Eppure ogni anno il 25 aprile continuiamo a festeggiare la liberazione dal fascismo e  il 9 maggio continuiamo a festeggiare la  Giornata dell’Europa, per celebrare, con sempre meno convinzione,  la pace e l’unione,  ma vediamo più divisioni  che unioni e l’Europa pensata dai fondatori appare condannata ad una irreversibile senilità politica, con lo sguardo più volto al passato che proteso ad immaginare il futuro,  il nostro paese in prima linea nel processo di revisione e rimozione.

Nel pellegrinaggio a ritroso intrapreso dal vecchio  continente noi siamo il cuore asfittico e  malandato del corpo in  declino dell’anziano.  Questa inversa processione  di devozione e fede a destra  e penitenza a sinistra conduce inesorabilmente ad un revanscismo da pollaio in cui, secondo l’ordine gerarchico  di beccata,   tutti i ranghi,  fino ai gradi più alti della classe politica,   si adoperano giorno e notte a manifestare il giubilo e l’onore  della stantia vittoria intossicando l’aria con la lingua che conoscono, il lessico povero e la sintassi elementare di Eco, che li contraddistingue,  portando come  gloriosi vessilli le espressioni   “rosica” , “rosicate” corrispondenti  grosso modo ai nostri più limpidi   “suca” e “sucate”.

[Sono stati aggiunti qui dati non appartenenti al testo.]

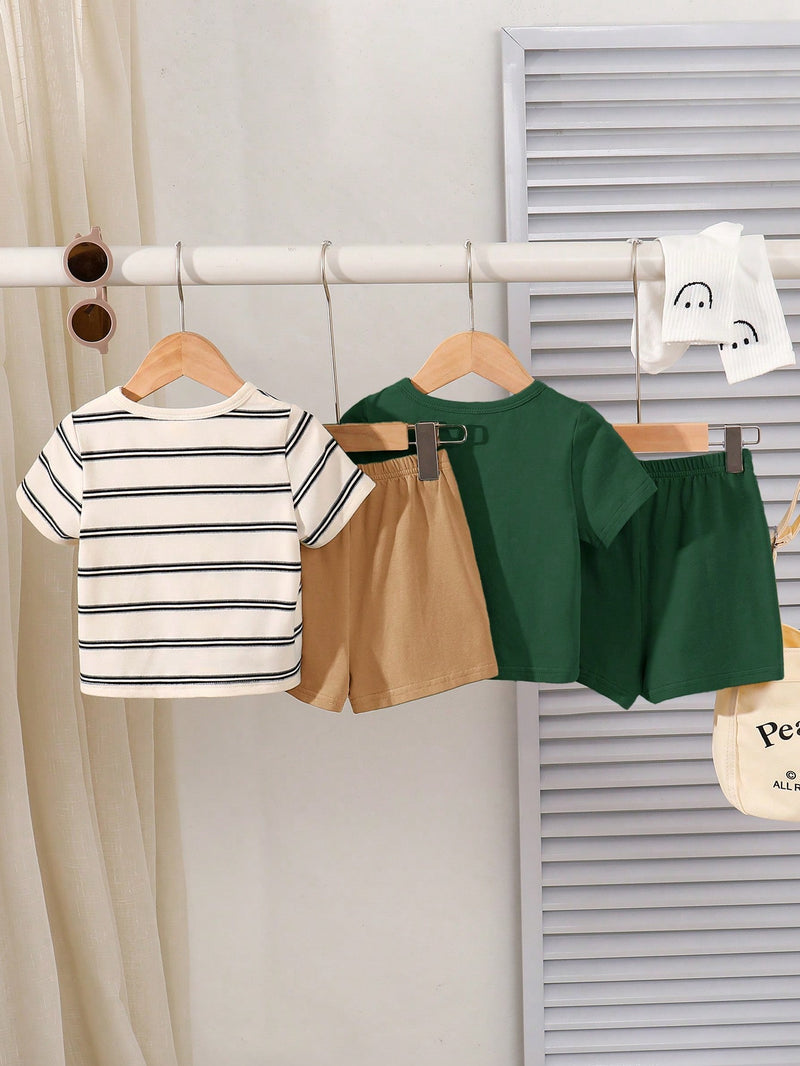 4 peças/conjunto de Verão Estilo Coreano Casual Fofo, Padrão de Desenho Animado Listrado Camiseta Manga Curta, Shorts de Elástico com Bolsos para Meninos e Meninas Bebês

Eppure eravamo stati illusi, in un tempo non troppo lontano, che qualche incursione aldilà dei patrii confini  avesse lasciato traccia della cultura dei  Galli  o dei Britanni  quando abbiamo udito un miles ingloriosus  vantarsi di praticare la misteriosa arte del  threesome,   salvo che anche il pollame debba rispettare le sue  rigide gerarchie e la Gallina Madre desumeva dal Cambridge Dictionary che trattavasi di  “an act of three people having sex together “ , quindi  inferocita vibrasse una beccata fatale al miles, a cui la vanteria costò il pollaio.

Ma pure quelli che oggi rosicano hanno usato la stessa patacca, il medesimo scempio espressivo in assenza di più consone posture, così anche Renzi si è guadagnato il Dizionario Treccani giacché   ebbe ad affermare “Nel mondo c’è fame di Italia, non credete ai rosiconi” e riferendosi a Beppe Grillo “Come se dice a Roma? Sta a rosicà”, quindi non c’è da stupirsi,   significa che  in piazza di Montecitorio il vocabolario adottato dalle classi in corso, più o meno elementari,  sia questo. Come ebbe a dire il grande Heinrich Heine “I Romani non avrebbero mai avuto il tempo di conquistare il mondo se fossero stati prima obbligati ad imparare il latino”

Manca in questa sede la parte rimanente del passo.